Ich denke da an meine Tochter, die vor etlichen Jahren in der städtischen Musikschule mit Harfe begonnen hatte.
Ihr machte es damals schon großen Spaß, zu Hause war ich aber immer etwas am Verzweifeln, weil sie in Sachen Rhythmik nicht wirklich ein Gefühl hatte.
Auch tat sie sich damit schwer, sanft zu spielen (was bei diesem Instrument manchmal durchaus reizvoll ist) und griff meistens volles Rohr in die Darmsaiten.
An Vorspielabenden merkte ich auch, dass ihr andere Schülerinnen, die durchaus später mit dem Unterricht begonnen hatten, vom Können was vormachten.

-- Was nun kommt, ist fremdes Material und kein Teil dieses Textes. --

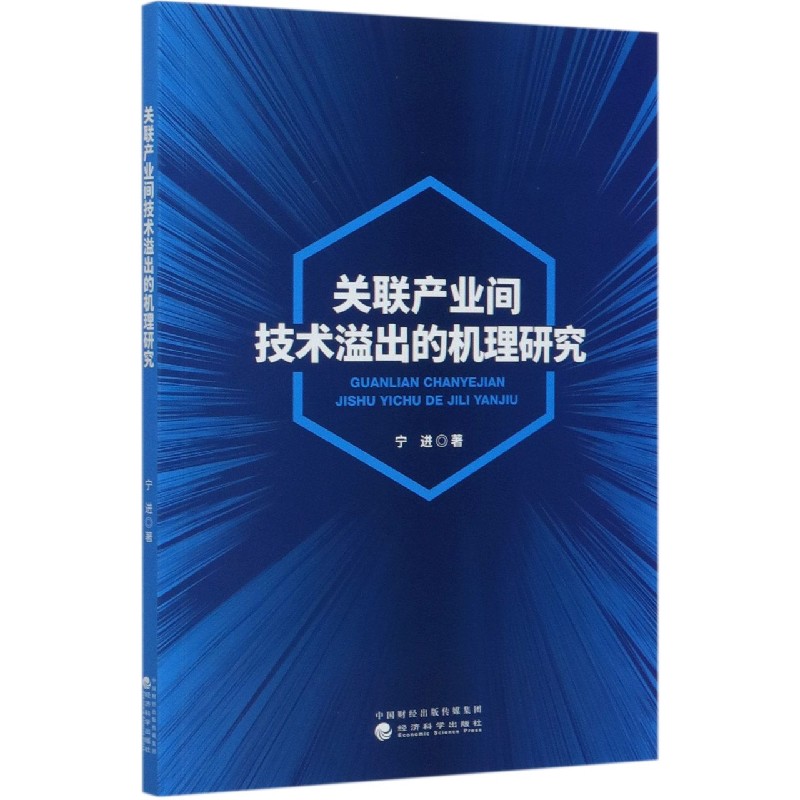 关联产业间技术溢出的机理研究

Ich zweifelte damals an der Musikalität meiner Tochter und am Sinn der monetären Ausgaben (Unterricht, Leihinstrument).
Mittlerweile ist die Situation eine komplett andere.
Sie hatte die letzten Jahre nicht mehr die Möglichkeit einen Unterricht zu besuchen, deshalb spielte sie "nur" noch für sich selbst. [Das soll jetzt aber nicht generell gegen den Unterricht sprechen!!]

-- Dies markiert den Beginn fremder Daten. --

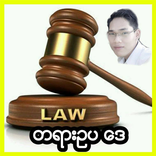 တရားဥပ​ေဒ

Sie suchte sich ihre Lieder selber aus und arbeitete in ihrem eigenen Tempo.
Sie liebt ihr Instrument (Gebrauchtkauf, trotzdem eine vierstellige Summe) und bereut die Investition keineswegs.
Sie beherrscht es, laut, leise, schnell und langsam und - vor allem - mit Gefühl zu spielen.
Wenn ich sie mit der Gitarre begleite, dann macht es mir sehr großen Spaß.
Fazit: Sie hat eine Weile gebraucht.
Eine Weile länger, als ich gedacht hätte.
Zum Glück drängte ich damals nicht darauf, dass sie mit dem Harfenspiel aufhören soll.
Unsere Weihnachtsfeste sind sehr stimnmungsvoll.